Guava caches have weird sizes

Recently i solved a bug in an open source project relating to google guava caches and kotlin collections


Recently i found a stack trace in an open source project i sometimes contribute to. Very rarely some features throw a NoSuchElementException:

Caught an NoSuchElementException in ChumBucketHider at CheckRenderEntityEvent: null

Caused by java.util.NoSuchElementException: null
    at com.google.common.cache.LocalCache$HashIterator.nextEntry(LocalCache.java:4343)
    at com.google.common.cache.LocalCache$KeyIterator.next(LocalCache.java:4362)
    at kotlin.collections.CollectionsKt___CollectionsKt.toSet(_Collections.kt:1347)
    at SH.utils.TimeLimitedSet.toSet(TimeLimitedSet.kt:31)
    at SH.features.fishing.ChumBucketHider.onCheckRender(ChumBucketHider.kt:57)
    ...

This exception seemed to happen only fairly rarely and up until then nobody could figure out what the problem was. There were some suspicions regarding threading, but nothing concrete. Since it was fairly rare, the fix that was eventually implemented was just to surround the access with a try-catch and try again at some later point. Let’s look at what this function call was actually supposed to do.
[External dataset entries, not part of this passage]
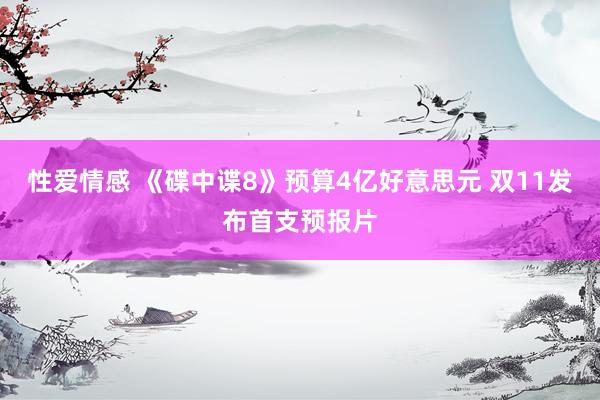 性爱情感 《碟中谍8》预算4亿好意思元 双11发布首支预报片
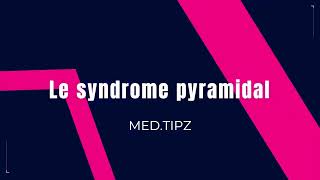 Le syndrome pyramidal [upl. by Ongun]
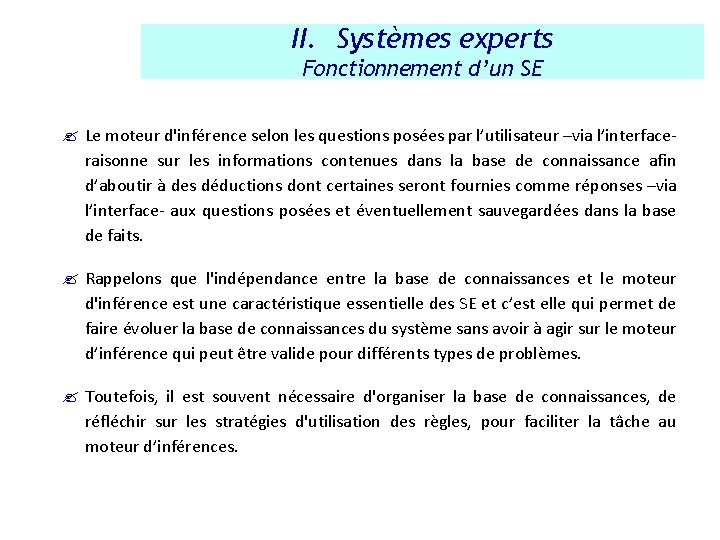 II. Systèmes experts Fonctionnement d’un SE ? Le moteur d'inférence selon les questions posées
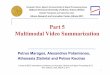 Part 5 Multimodal Video Summarization - NTUAcognimuse.cs.ntua.gr/sites/default/files/ICASSP2017... · 2018-09-07 · Tutorial: Multimodal Signal Processing, Saliency and Summarization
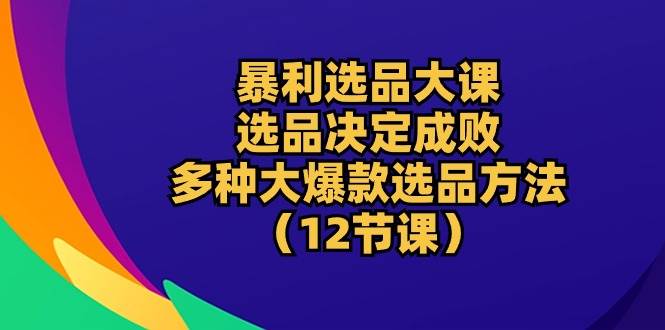 （10521期）暴利 选品大课：选品决定成败，教你多种大爆款选品方法（12节课）-宇文网创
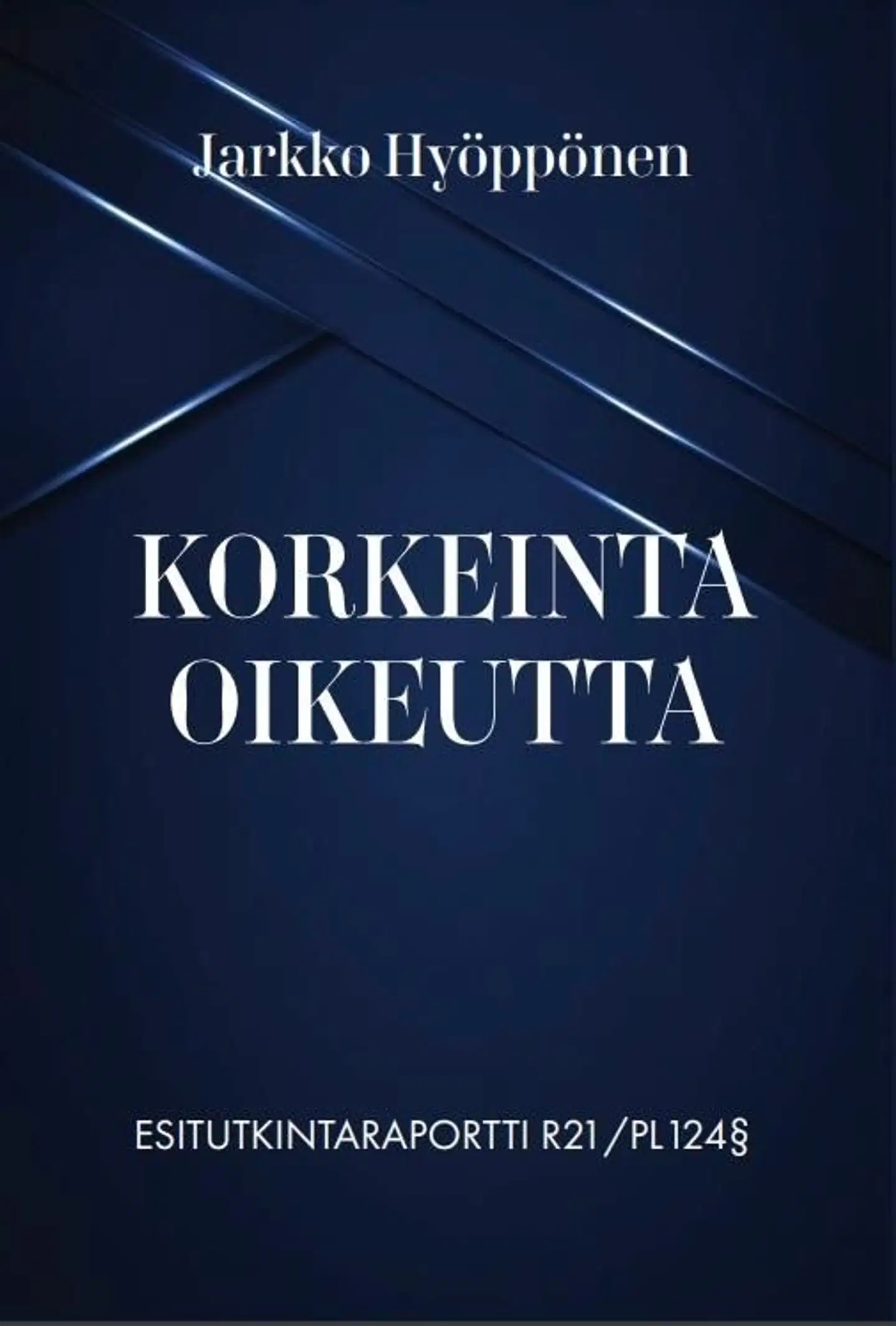 Hyöppönen, Korkeinta oikeutta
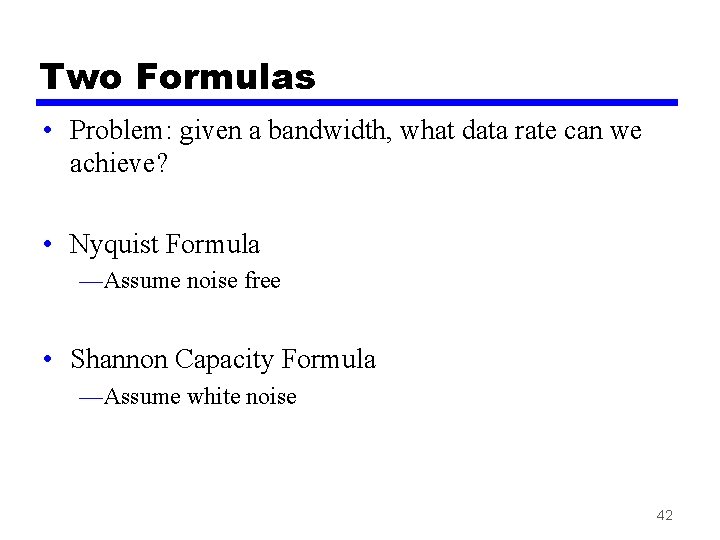 Two Formulas • Problem: given a bandwidth, what data rate can we achieve? •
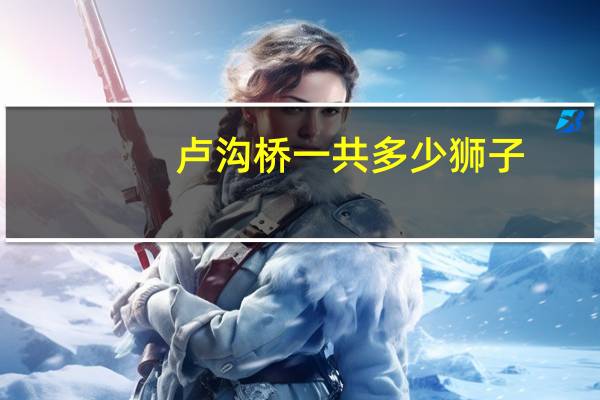 卢沟桥一共多少狮子
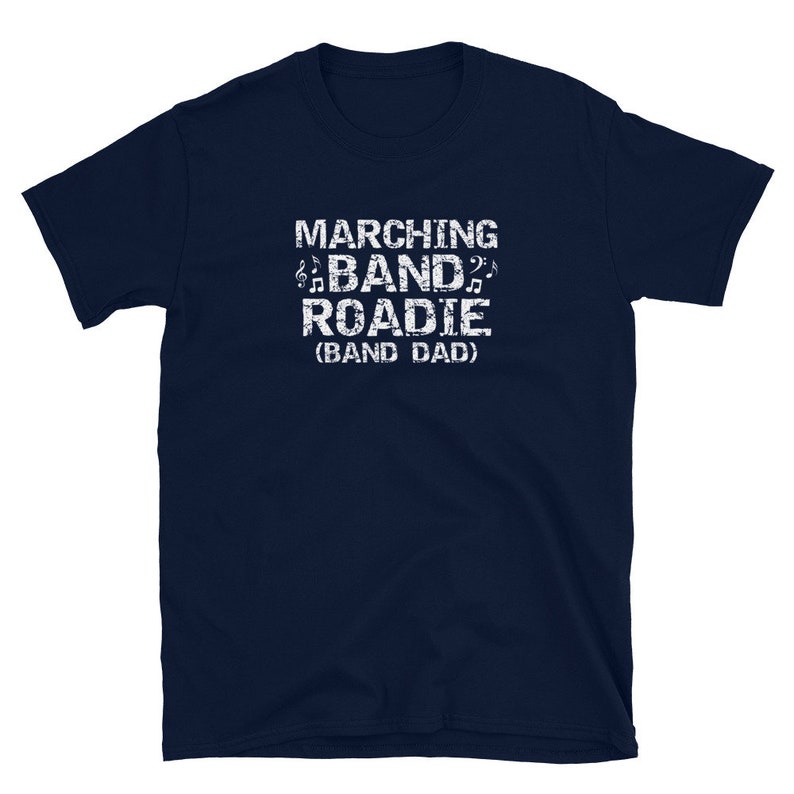 Marching Band Shirt, Roadie Crew, Band Dad Shirt, Fathers Day Tshirt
TimeLimitedSet is a class based on guava’s Cache. It is used as a list of entities that get automatically removed after 5 seconds. While the Cache offers some basic methods for checking if a key is present, if you want to iterate over all entries you need to use the asMap() method. This returns a live view of the cache, meaning changes in the cache get reflected in the returned map as well.

The interesting part about that returned Map is not actually the live-ness of it, but rather that it is does not have the correct size. While this is documented for the size() method of the Cache object, it is not part of the interface contract of a regular Map or Collection. This can cause some confusion (as it did here), when other pieces of code are not aware that the size() might be incorrect.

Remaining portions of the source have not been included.